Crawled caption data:

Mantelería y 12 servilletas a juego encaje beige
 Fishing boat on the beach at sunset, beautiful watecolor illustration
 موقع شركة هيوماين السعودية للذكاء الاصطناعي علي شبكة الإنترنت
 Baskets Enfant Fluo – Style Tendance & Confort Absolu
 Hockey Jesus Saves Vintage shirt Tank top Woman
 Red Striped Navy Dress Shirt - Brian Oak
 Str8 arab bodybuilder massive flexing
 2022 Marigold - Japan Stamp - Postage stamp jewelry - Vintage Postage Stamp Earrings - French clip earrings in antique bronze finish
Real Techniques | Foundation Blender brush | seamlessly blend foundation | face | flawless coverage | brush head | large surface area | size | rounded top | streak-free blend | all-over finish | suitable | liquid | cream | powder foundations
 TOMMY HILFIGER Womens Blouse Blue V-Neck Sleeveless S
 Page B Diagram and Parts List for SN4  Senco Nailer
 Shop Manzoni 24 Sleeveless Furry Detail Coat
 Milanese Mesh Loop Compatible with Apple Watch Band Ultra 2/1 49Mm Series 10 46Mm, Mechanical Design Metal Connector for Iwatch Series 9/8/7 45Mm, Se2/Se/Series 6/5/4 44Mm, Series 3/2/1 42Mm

» **Task to carry out**
Please tally the lines above that contain "finish" and report nothing but the total.

» **Reply to the exercise**
2